> Exercise
Each line of the records has to be copied exactly, though the pictures must be left out.

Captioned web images
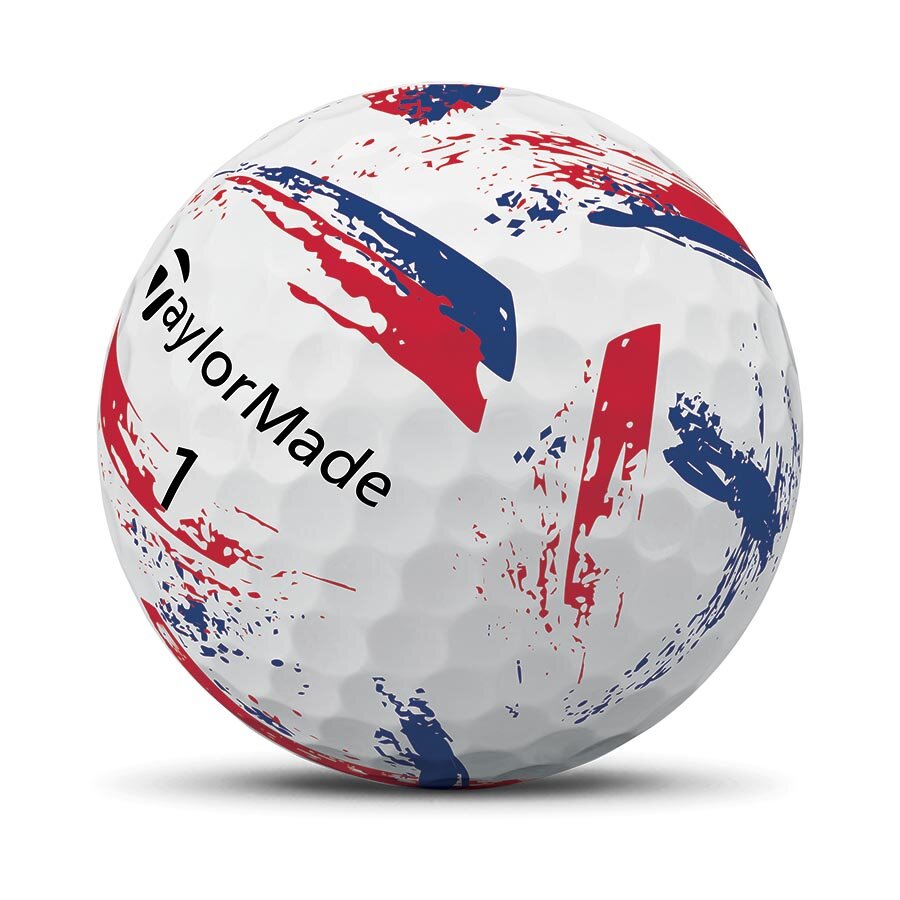 TaylorMade 2026 SpeedSoft Ink Golf Balls 12pk - Blue/Red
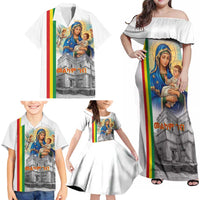 Ethiopian Christmas Family Matching Off Shoulder Maxi Dress and Hawaiian Shirt Saint Mary Lalibela Churches - Wonder Print Shop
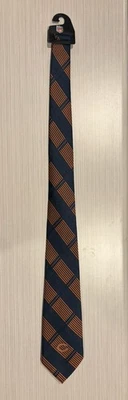 Chicago Bears Mens Necktie NFL Football Team Logo Sports Fan Plaid Blue Neck Tie - Изображение 1 из 4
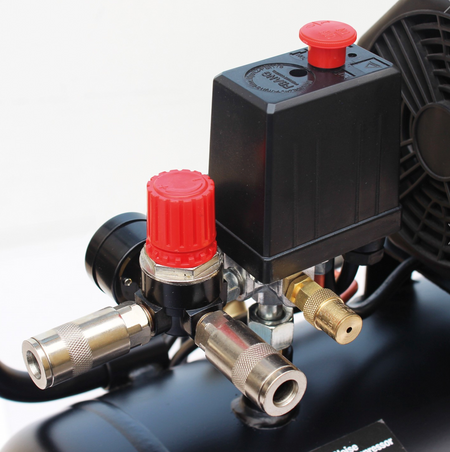 SIP DD 2hp 24ltr Low Noise Oil-Free Compressor 05478 - airlinkcompressors.com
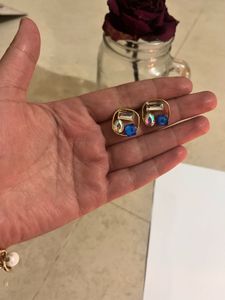 Sparkling Gemstone Earrings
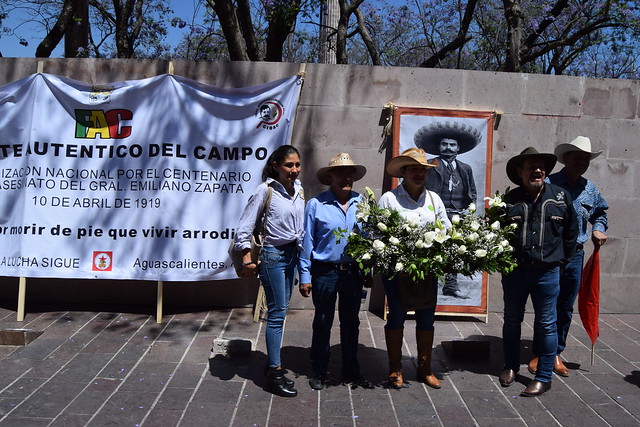 Conmemoran Centenario Luctuoso de Emiliano Zapata, en Aguascalientes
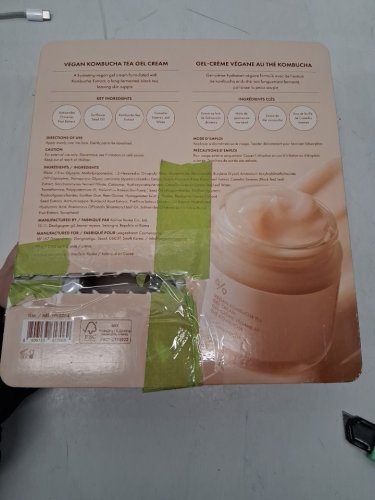 2PK Dr. Ceuracle Vegan Kombucha Tea Gel FACIAL Cream - 75G/EACH image 3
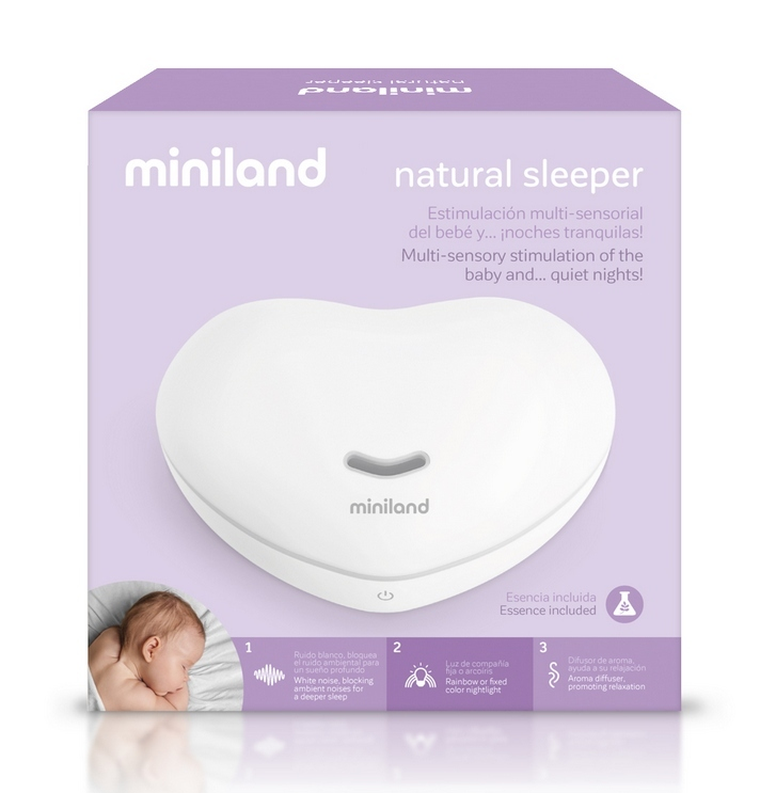 Miniland, nawilżacz, aromatyzator z funkcją lampki i dźwiękami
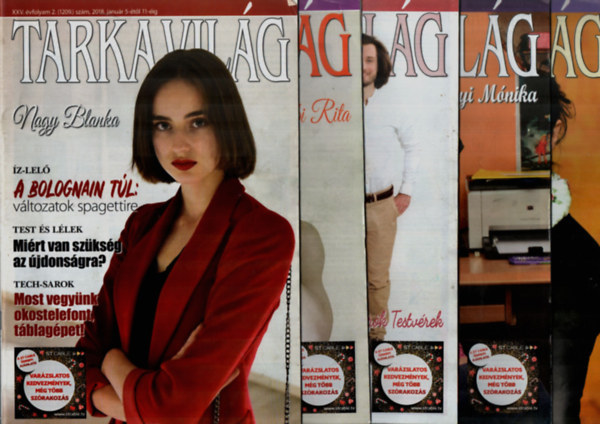 Horv�th Zsuzsanna - 32 db Tarka Vil�g magazin: 2018/2, 3, 4, 5, 6, 7, 8, 9, 10, 11, 22, 23, 26, 33, 34, 37, 38, 39, 40, 41, 42, 43, 44, 45, 46, 47, 48, 49, 50, 51, 52, 53. sz�mok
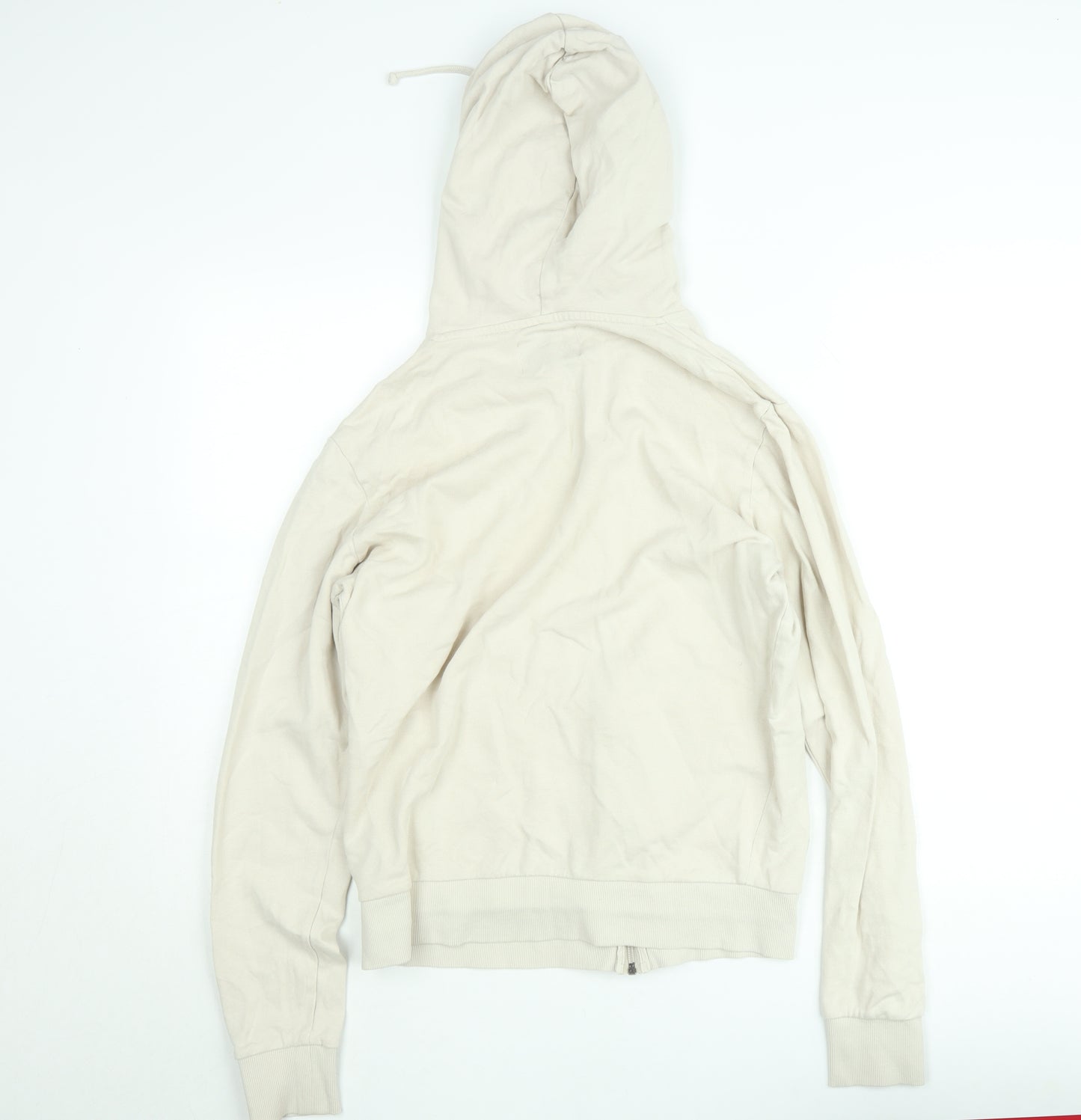 Jack & Jones Men Beige Full Zip Hoodie M Regular Fit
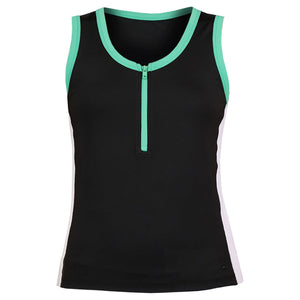 Sofibella Women's Alpine Story Half Zip Tank - Black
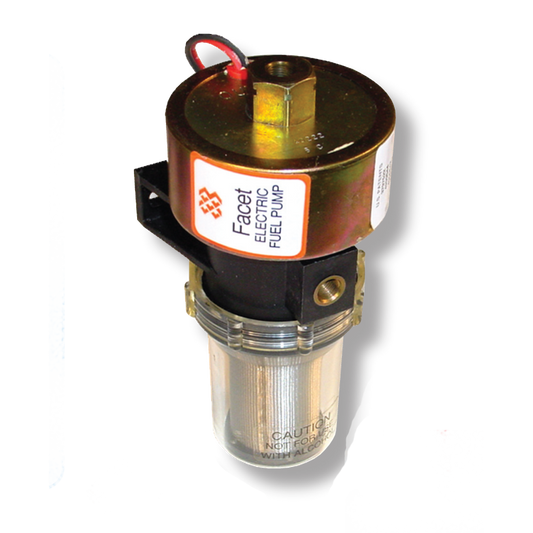 FuelPumper Facet 40222N Dura-Lift Fuel Pump, 12 Volt, 9.0-11.5 PSI, 33 GPH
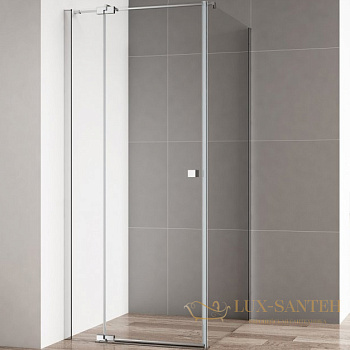 душевой уголок cezares valvola valvola-ah-1-100/90-c-cr 100x90 профиль хром, стекло прозрачное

> Solution
 TaylorMade 2026 SpeedSoft Ink Golf Balls 12pk - Blue/Red
 Ethiopian Christmas Family Matching Off Shoulder Maxi Dress and Hawaiian Shirt Saint Mary Lalibela Churches - Wonder Print Shop
 Chicago Bears Mens Necktie NFL Football Team Logo Sports Fan Plaid Blue Neck Tie - Изображение 1 из 4
 SIP DD 2hp 24ltr Low Noise Oil-Free Compressor 05478 - airlinkcompressors.com
 Sparkling Gemstone Earrings
 Conmemoran Centenario Luctuoso de Emiliano Zapata, en Aguascalientes
 2PK Dr. Ceuracle Vegan Kombucha Tea Gel FACIAL Cream - 75G/EACH image 3
 Miniland, nawilżacz, aromatyzator z funkcją lampki i dźwiękami
 Horv�th Zsuzsanna - 32 db Tarka Vil�g magazin: 2018/2, 3, 4, 5, 6, 7, 8, 9, 10, 11, 22, 23, 26, 33, 34, 37, 38, 39, 40, 41, 42, 43, 44, 45, 46, 47, 48, 49, 50, 51, 52, 53. sz�mok
 Jack & Jones Men Beige Full Zip Hoodie M Regular Fit
 Sofibella Women's Alpine Story Half Zip Tank - Black
 FuelPumper Facet 40222N Dura-Lift Fuel Pump, 12 Volt, 9.0-11.5 PSI, 33 GPH
 душевой уголок cezares valvola valvola-ah-1-100/90-c-cr 100x90 профиль хром, стекло прозрачное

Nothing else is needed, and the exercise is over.